La tercera parte nos lleva a la prisión donde se encuentra un Peter condenado y lleno de dolor y desesperación. Tendido en el jergón, con la sombra de las rejas de la cárcel sobre su cuerpo, aparece como un ser enfermo sin más deseo que la muerte. Su infortunio y la tristeza de su rostro contrastan con las chanzas de los presos, que se mofan de él como si fueran las voces de un coro de tragedia griega: Esta noche está citado con la duquesa… están unidos por cadena perpetua… Soñará con ella…
La conexión psíquica de los amantes se manifiesta en la percepción de un sufrimiento común y en la posibilidad de tener el mismo sueño, lo que propicia el encuentro en esa región de la mente depositaria de los deseos. Un anillo se transforma en evidencia de la realidad del mundo onírico, tan verdadero como el otro, físico.

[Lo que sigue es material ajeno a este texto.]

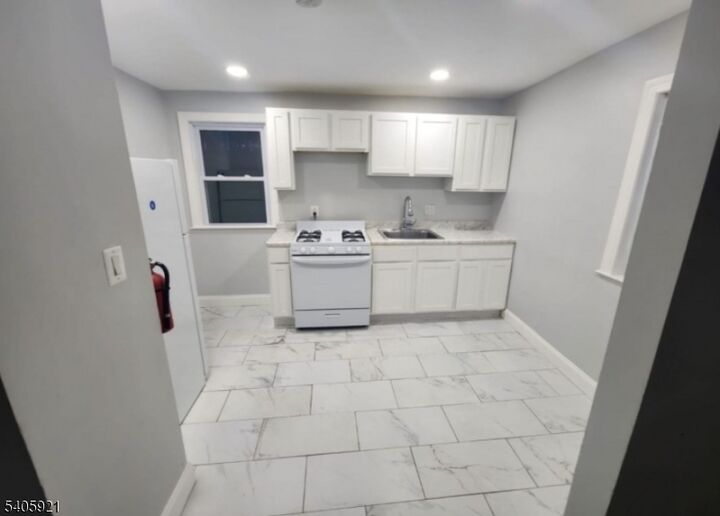 Property Photo:  118 Lenox Ave  NJ 07018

En el sueño, los amantes alcanzan la libertad y son felices en un mundo perfecto en su belleza y armonía, recuperando así los juegos perdidos y las huellas de su niñez. En este edén de luz y claridad todo es posible gracias al poder creativo de la ilusión que hace posible cualquier utopía. Hermosos e impecables en su mundo maravilloso, Peter y Mary, sueñan para vivir y viven para soñar. La incredulidad de él es eliminada por la energía espiritual de ella, de modo que el conocimiento intuitivo vence definitivamente al racional. En este universo edénico el único peligro es dejar de soñar o dejarse llevar por el miedo a perderlo. El amor salva todos los obstáculos, incluida la muerte, que, cuando llega, permite la unión de los amantes en otra esfera de una realidad distinta y compleja, inaccesible para las mentes lógicas.
En este mundo, creado por el amor infinito, no existen muros ni rejas que evoquen la imposibilidad de entrar en regiones desconocidas, ni pantanos que predigan el fracaso y la muerte, como los que sirven de fondo a los créditos iniciales. En cambio, los lagos funcionan como espejos que reflejan el misterio de lo que está oculto, la conexión entre los superficial y lo profundo. El relativismo de la realidad y de su percepción subjetiva se confirma en las palabras de Mary: ¿Quién puede decir lo que es real y lo que no lo es?
Las de Peter, convencido de la verdad de sus sueños, son más explícitas: …parece un anillo, pero son las paredes de un mundo. Dentro de él está la energía de los deseos. Está ella. Todo conduce a ella, todos los caminos. Nuestro mundo.
La elegancia de la luz
Si algo se puede decir de Sueño de amor eterno es que es una película esencialmente elegante. Y lo es por la sobriedad de su planificación y el trabajo de iluminación de uno de los fotógrafos más brillantes del cine en blanco y negro: Charles Lang.
A este profesional debemos agradecer que algunos filmes alcancen la categoría de obras de arte. Su participación en El muelle de las brumas, de Marcel Carné (1938), transformó una historia de amor frustrado y muerte, donde los sueños se oponen a la dureza del puerto de Le Havre, en un espacio mágico, desde el realismo, la magia del cine soñado.